(Dataset items)

···

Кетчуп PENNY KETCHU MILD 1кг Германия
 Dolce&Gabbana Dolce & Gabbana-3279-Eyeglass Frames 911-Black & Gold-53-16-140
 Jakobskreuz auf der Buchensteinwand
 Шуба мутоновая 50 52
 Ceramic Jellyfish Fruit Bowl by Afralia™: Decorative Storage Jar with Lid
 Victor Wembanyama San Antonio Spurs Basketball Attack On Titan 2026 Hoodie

···

→ **Brief**: Up to and including the last line above, starting with the line that contains "Шуба мутоновая 50 52", return each line exactly and nothing else.

→ **Output of the task**:
 Шуба мутоновая 50 52
 Ceramic Jellyfish Fruit Bowl by Afralia™: Decorative Storage Jar with Lid
 Victor Wembanyama San Antonio Spurs Basketball Attack On Titan 2026 Hoodie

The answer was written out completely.